Tidak dipungkiri bahwa nilai tukar uang dari waktu ke waktu akan selalu mengalami trend turun. Hal itu terbukti dari kekuatan nilai uang tersebut tidak selalu konsisten dan cenderung merosot untuk ditukarkan dengan barang lain. Dimisalkan, pada beberapa tahun yang lalu harga buku dapat dibeli dengan uang Rp. 1.000, namun saat sekarang ini harga buku yang sama tidak bisa dibeli dengan uang Rp. 1.000. harga buku naik Rp.2.000 (misalnya).

Analisisnya adalah, jika dahulu uang Rp. 1.000 mampu membeli 1 buah buku, maka Rp. 1.000 tersebut tidak lagi mampu untuk menukar 1 buah buku pada saat sekarang. Dan ini berarti nilai tukar uang Rp. 1.000 tidak mampu lagi untuk menukarnya dengan buku yang sama jenisnya. Maka untuk mendapatkan 1 buah buku kita harus memiliki uang yang lebih banyak lagi yaitu Rp.2.000. dan ini berarti nilai tukar uang turun. Itu sebabnya mengapa orang jaman dulu mengatakan bahwa uang Rp.50.000 pada waktu itu mampu membeli sebidang tanah sementara uang Rp. 50.000 yang sekarang hanya mampu membeli pulsa. Ini berarti nilai tukar uang tersebut menurun.

Trend nilai tukar uang tersebut biasanya akan selalu turun dari waktu ke waktu. Pembuktiaannya adalah adanya fenomena semakin meningkatnya nilai nominal uang.

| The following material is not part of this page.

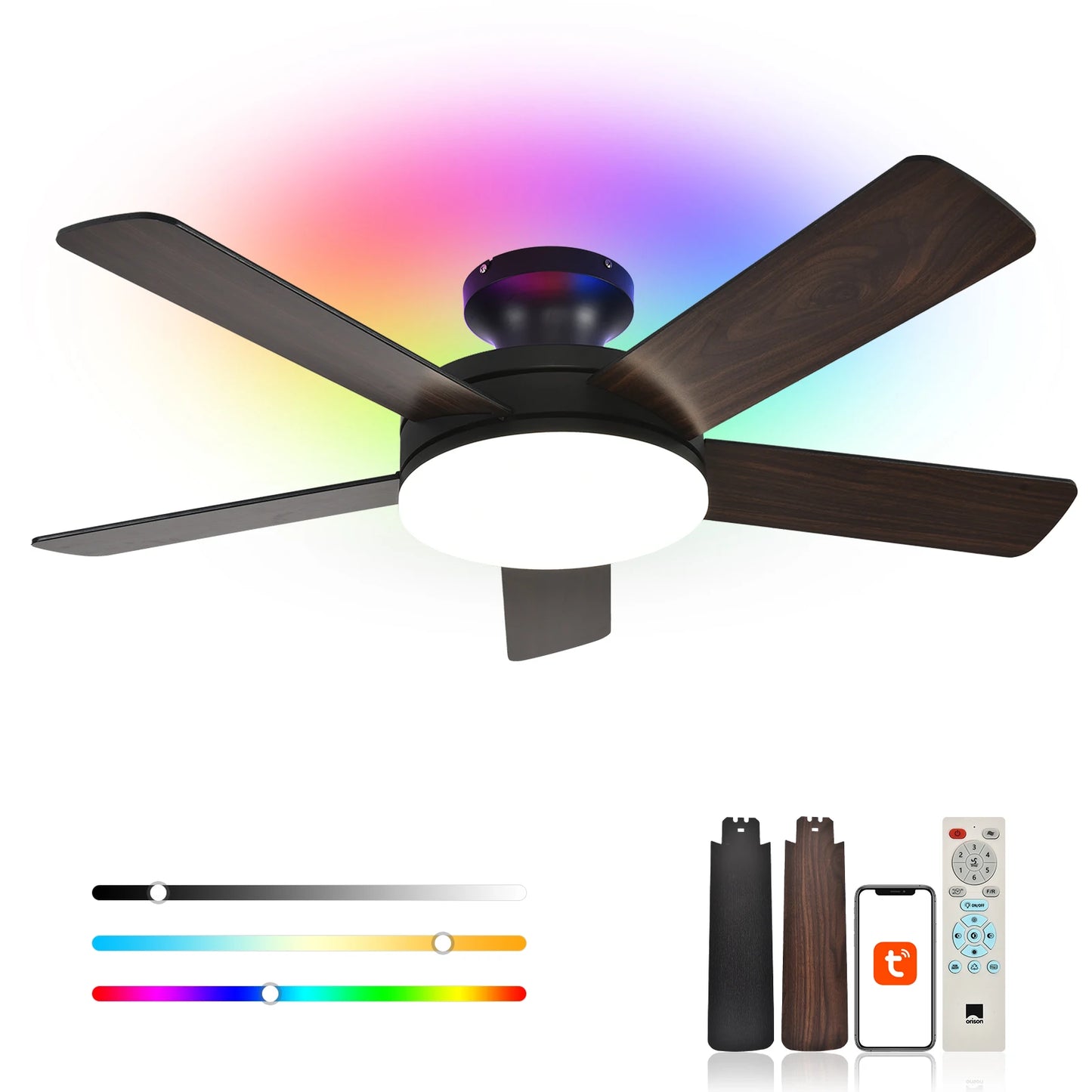 Orison Low Profile Ceiling Fan With Remote Control Led Lighting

Dari yang dulu masyarakat hanya mengenal uang Rp.25 sekarang sudah Rp.25.000 bahkan sampai Rp.100.000. fenomena ini pernah dipersoalkan beberapa tahun yang lalu dengan adanya wacana dari pemerintah Indonesia yang ingin menghapuskan nilai nol yang terlalu banyak di dalam uang kertas dengan alasan untuk penyederhanaan. Pada dasarnya fenomena banyaknya nilai nominal tersebut lumrah terjadi disebabkan trend masyarakat yang selalu ingin memiliki uang banyak ditambah kebijakan penerbitan uang yang dikendalikan oleh bank central (Bank Indonesia). Belum lagi maraknya praktek pengedar uang palsu.

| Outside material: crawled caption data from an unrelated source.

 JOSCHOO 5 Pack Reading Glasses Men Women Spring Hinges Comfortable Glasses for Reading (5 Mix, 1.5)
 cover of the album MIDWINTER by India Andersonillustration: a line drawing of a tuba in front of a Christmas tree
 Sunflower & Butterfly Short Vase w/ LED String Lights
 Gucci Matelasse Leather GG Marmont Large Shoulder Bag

Hal itu akan memicu permintaan terhadap uang meningkat, maka jalan keluarnya adalah dengan menciptakan uang yang memiliki nilai nominal tinggih. Padahal sesungguhnya banyaknya nilai nominal tersebut justru tidak diimbangi dengan nilai tukar mata uang. Jika uang dengan nominal tinggi itu hanya dimiliki oleh beberapa masyarakat saja, ini justru akan memicu semakin banyaknya masyarakat miskin yang tidak mampu memiliki uang dengan nominal tinggi untuk menukarkannya terhadap kebutuhan dimana nilai tukarnya sangat tinggi atas nilai nominal uang. Pada ujungnya hal ini juga akan memicu terjadinya inflasi (keadaan di mana harga-harga barang naik secara keseluruhan).

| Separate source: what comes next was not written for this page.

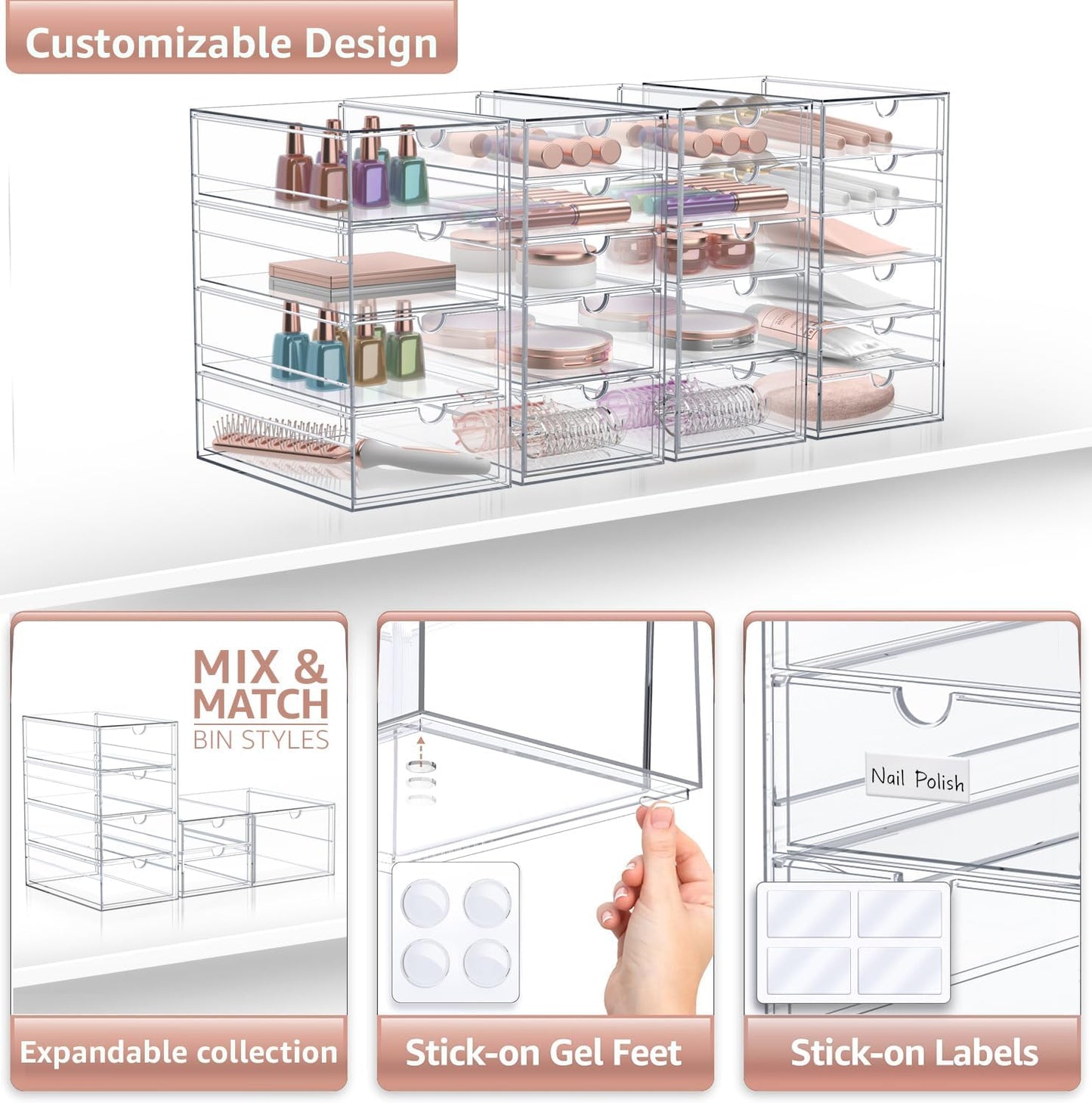 Sorbus Makeup Organizer With 20 Drawers, Acrylic Drawer Organizer for Makeup, Office Organization and Storage, Art Supplies, Jewelry, Stationary - 4 Pcs Clear Stackable Storage Bins Organizer Drawers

Fenomena lainnya yang terjadi secara global, negara yang perekonomiaannya menggunakan uang yang memprioritaskan uang kartal berbentuk uang kertas tidak mampu mengelak dari bahaya inflasi. Indonesia terkena inflasi pada tahun 1998, Amerika dan lainnya juga pernah mengalami inflasi maupun krisis keuangan.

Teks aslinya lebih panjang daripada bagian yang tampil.